Tuesday, July 27, 2010

Gimme more of that pro-appeasement triumverate

OK, so I had to look up the word  "triumverate" but nevertheless, it's a great title (but not of my origin)

So I watched a PBS a show called "TURMOIL AND TRIUMPH: THE GEORGE SHULTZ YEARS" which was actually pretty good.  Regan was President during my non-attention years.  I didn't like him, but did not really know why.  Most likely It was because he was a Republican, but some of it had to do with this conservative nonsense that was starting to swell.

I don't know what exactly bothers me so much with the term "conservative".  I think a lot has to do with the attitude of those who wrap themselves in it.  Also, I think there are more than two types of view points out there which is how people who subscribe to this dogma seem to believe.  But mostly it is the fervent adherence to a view of the world that is misguided, narrow-minded, and in most cases wrong.  Still they hold to their rhetoric unwilling to see the world for what it really is.

Regan is given a lot of credit for ending the cold war with the Soviets.  I was told, and believed, that he did this by outspending them on a military buildup.  This is somewhat true, but I heard recently, and this PBS show has now confirmed, that the end of the Cold War had more to do with Mikhail Gorbachev and George Shultz then the gipper himself.  Make no mistake that Regan's ability to trust Gorbachev and listen to his "triumverate" was key to the success.

So the question I have is "are we better off now because of what Regan did with the Soviets? 

I went searching for the George Will comment that was made on the show and in my search I found this on another blog called fabiusmaximus:
 On 8 December 1987, at Reagan’s third summit with Mikhail Gorbachev, they signed the Intermediate-Range Nuclear Forces Treaty (Wikipedia).  This marked the beginning of the end to the cold war, a major step to lifting the threat of global annihilation that had existed for 3 decades.   How did conservatives react to this bold step by their leader?
Excerpt from “The Treaty: Another Sellout”, Howard Phillips (Chairman of The Conservative Caucus; see his bio at Wikipedia), op-ed in the New York Times, 11 December 1987:  America has never been in more danger than now, during the final 13 months of the Reagan administration.  Although neither Ronald Reagan nor George Bush could have come to power without strong conservative support, conservative influence is absent from the top decision-making councils of the executive branch, and conservative policies have been comprehensively abandoned.  President Reagan is little more than the speech reader-in-chief for the pro-appeasement triumverate of Howard Baker, George Shultz and Frank Carlucci.
The center of the administration’s policy is the president’s unfounded assertion that Mikhail S. Gorbachev is “a new kind of Soviet leader” who no longer seeks world conquests.
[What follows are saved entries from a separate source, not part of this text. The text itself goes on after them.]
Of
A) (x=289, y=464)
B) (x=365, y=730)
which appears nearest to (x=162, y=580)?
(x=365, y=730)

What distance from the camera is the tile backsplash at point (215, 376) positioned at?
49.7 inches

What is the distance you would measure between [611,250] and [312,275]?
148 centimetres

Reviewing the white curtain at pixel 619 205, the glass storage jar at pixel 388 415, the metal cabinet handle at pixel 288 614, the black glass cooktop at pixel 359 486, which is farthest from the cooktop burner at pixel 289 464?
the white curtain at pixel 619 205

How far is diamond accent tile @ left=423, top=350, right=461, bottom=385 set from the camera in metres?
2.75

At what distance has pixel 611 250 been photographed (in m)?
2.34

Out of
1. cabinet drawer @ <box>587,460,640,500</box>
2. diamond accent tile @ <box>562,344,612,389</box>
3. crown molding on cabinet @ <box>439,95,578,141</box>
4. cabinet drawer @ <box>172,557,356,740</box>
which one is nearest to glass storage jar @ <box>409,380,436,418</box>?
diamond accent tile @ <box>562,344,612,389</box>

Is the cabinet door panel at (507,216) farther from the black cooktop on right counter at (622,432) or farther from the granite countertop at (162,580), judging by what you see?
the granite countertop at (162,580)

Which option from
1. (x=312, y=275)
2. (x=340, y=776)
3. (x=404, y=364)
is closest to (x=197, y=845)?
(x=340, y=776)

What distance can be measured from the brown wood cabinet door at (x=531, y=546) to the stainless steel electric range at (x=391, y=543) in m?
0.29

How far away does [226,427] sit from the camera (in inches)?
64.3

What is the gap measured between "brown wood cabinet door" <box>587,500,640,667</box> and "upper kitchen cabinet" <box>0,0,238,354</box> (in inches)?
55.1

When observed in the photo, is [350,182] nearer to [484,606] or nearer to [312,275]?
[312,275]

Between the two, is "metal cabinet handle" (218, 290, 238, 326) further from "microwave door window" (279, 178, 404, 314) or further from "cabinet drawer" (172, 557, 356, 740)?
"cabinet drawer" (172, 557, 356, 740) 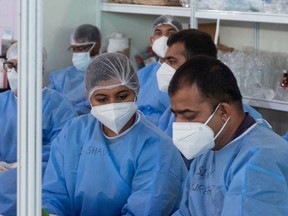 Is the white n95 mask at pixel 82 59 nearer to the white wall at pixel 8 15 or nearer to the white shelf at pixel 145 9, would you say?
the white shelf at pixel 145 9

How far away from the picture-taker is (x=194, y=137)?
169cm

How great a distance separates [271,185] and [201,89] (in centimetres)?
34

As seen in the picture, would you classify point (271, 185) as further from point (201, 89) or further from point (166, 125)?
point (166, 125)

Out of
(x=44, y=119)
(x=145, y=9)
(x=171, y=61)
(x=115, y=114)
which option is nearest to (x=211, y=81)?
(x=115, y=114)

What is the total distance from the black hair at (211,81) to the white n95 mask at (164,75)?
3.44ft

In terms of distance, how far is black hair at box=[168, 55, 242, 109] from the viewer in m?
1.62

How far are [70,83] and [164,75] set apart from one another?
1.14m

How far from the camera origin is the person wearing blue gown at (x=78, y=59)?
381cm

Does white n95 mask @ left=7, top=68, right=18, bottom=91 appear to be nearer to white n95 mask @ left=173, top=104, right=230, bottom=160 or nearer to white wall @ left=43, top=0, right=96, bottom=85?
white wall @ left=43, top=0, right=96, bottom=85

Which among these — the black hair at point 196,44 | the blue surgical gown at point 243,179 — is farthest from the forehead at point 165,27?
the blue surgical gown at point 243,179

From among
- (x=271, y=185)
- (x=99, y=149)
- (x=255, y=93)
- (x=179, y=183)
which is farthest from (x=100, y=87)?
(x=255, y=93)

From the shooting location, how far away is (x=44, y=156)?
262 centimetres

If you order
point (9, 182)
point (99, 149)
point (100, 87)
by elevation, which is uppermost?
point (100, 87)

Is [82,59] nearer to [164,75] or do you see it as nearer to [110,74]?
[164,75] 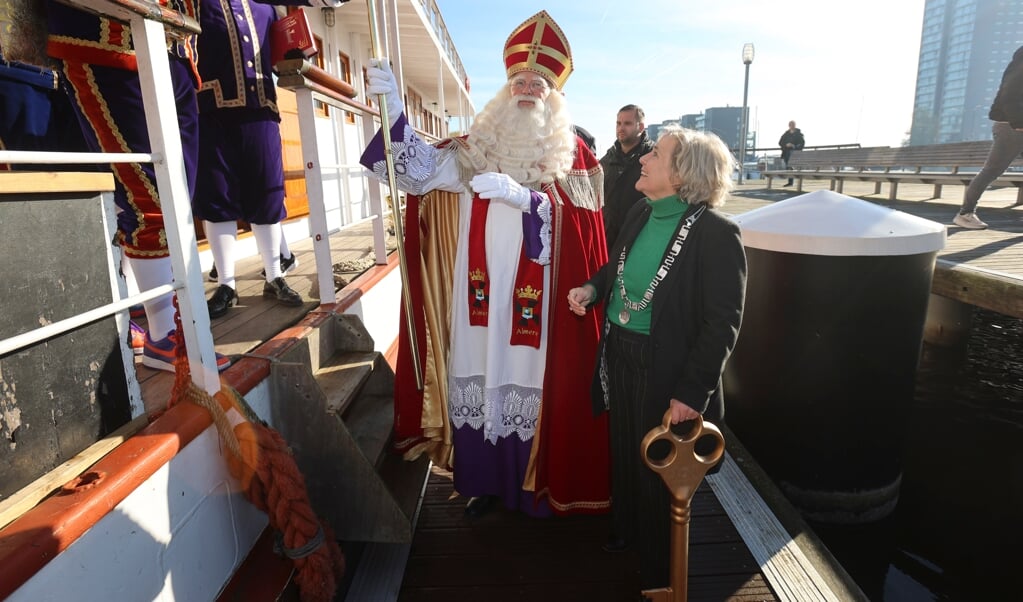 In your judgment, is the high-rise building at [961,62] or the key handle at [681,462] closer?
the key handle at [681,462]

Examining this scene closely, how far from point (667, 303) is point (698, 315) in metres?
0.11

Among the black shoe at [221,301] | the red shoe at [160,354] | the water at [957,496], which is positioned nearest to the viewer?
the red shoe at [160,354]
The summit meetings and so-called arms-control treaties are a cover for the treasonous greed of those who manipulate the administration.
And from another.........
Excerpt from George Will’s 1988 book The New Season: “Historians may conclude that it was during this administration that the United States conclusively lost the Cold War.”
So they were wrong, Regan was right to trust Gorbachev.  That's why this conservative nonsense is so wrong.  It leaves no room for anything other than a strict concurrence of ideology, dogma, and orthodoxy to one - and only one - view of the world.

If you tell me we are not better off because of what these men did, then I have a wall I'd like to show you, but i can't, cause it's no longer there.